Ceci est un livre d'Histoire déguisé en roman historique.

Ce n'est pas une remarque négative, mais ça surprend quand même. C'est mon premier contact avec Catherine Hermary-Vieille, ceci explique peut-être ma surprise.
L'auteur décrit les événements de la guerre de Cent Ans depuis un peu avant Azincourt jusqu'à la mort de Yolande d'Aragon (on va même un peu plus loin dans l'épilogue). L'aspect romanesque tient dans l'utilisation de points de vue qui permet l'accès aux voix intérieures, aux ressentis personnels. Les principaux points de vue sont ceux d'Isabeau de Bavière, reine de France, épouse du roi fou Charles VI, et encore plus de Yolande d'Aragon, duchesse d'Anjou et comtesse du Maine et de Provence. Charles VII intervient un peu aussi. Curieusement, la troisième « louve » Jeanne d'Arc n'a pas droit à son point de vue et n'est vue qu'à travers les yeux des autres. Personnage trop complexe à gérer ? Trop exaltée ? Je pense que c'est parce que son point de vue n'aurait pas permis une transmission objective de l'Histoire.

Car c'est bien cette transmission qui est l'objectif principal du livre. Les points de vue ne pénètrent que très peu la pensée des personnages ; ils servent surtout à fournir les informations historiques. L'auteur ne prend pas le risque de tisser un écheveau d'émotions, de construire la psyché de ses personnages en se servant de l'imaginaire à la manière de Clara Dupont-Monod dans Le roi disait que j'étais diable. Les points de vue changent souvent, parfois d'un paragraphe à l'autre, ce qui nuit à l'identification du lecteur avec les personnages. Enfin, les dialogues sont rares. Bref, l'aspect roman disparait sous l'aspect Histoire, un peu comme Roger Caratini l'avait réalisé sur son Jules César.

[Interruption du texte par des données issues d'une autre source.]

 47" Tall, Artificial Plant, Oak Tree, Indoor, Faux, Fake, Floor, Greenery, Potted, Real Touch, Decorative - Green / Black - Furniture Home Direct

Côté Histoire en revanche, on est très bien servi. Je pense que lire ce livre est une bonne façon de s'initier à la dernière partie de la guerre de Cent Ans et ses protagonistes, à condition cependant d'aller de temps en temps chercher des infos sur tel ou tel personnage, tellement ils sont nombreux. Et quand on connaît un peu, on apprécie d'autant plus les détails et anecdotes.
Malgré le peu de pénétration dans les personnages, certains prennent quand même vie. Ce livre m'a un peu réconcilié avec Isabeau de Bavière, une Reine qui a vu tous ses enfants mourir sauf Charles futur VII qui n'éprouve pas d'amour pour elle. On la voit partir d'une position de pouvoir – quand elle contrôlait son mari de roi – et en être peu à peu éloignée, devenant peu à peu nostalgique, se sentant coupable de ses échecs.
Jeanne d'Arc a droit à un traitement mitigé assez éloigné de son statut d'icône intouchable. Elle est absolument opaque à la raison, à la stratégie. Elle déteste ses ennemis Anglais et Bourguignons aussi forts qu'elle aime le dauphin Charles. Pas de pitié pour l'ennemi. Pas de pitié non plus pour l'hérétique, comme on la voit prête à partir en Bohême pour annihiler l'hérésie hussite.
De mes lectures précédentes, je n'avais pas gagné une opinion très positive du dauphin Charles, puis du roi Charles VII. C'est loin de s'arranger avec ce livre, au contraire. Coléreux, indécis, manipulable, absolument pas fidèle à ses alliés qu'il sacrifie sans problème une fois qu'ils ont servi. Détestable.
La grande gagnante est Yolande d'Aragon. Une personne lumineuse, intelligente, recherchant avant tout à épargner les malheurs de la guerre à son comté d'Anjou et manoeuvrant sans cesse pour briser l'alliance entre Anglais et Bourguignons et rapprocher ces derniers des Armagnacs ; ce qui sera réalisé en 1435 avec le traité d'Arras. C'est celle que j'ai trouvée la plus vivante ici. Les quelques flashbacks la ramenant en Provence où à la cour d'Aragon où les arts étaient favorisés donnent une certaine densité au personnage.

Pour résumer donc, on peut difficilement dire qu'il s'agit là d'un roman historique, mais on peut dire qu'il s'agit d'une façon fluide de raconter l'Histoire. Ce qui n'est déjà pas si mal.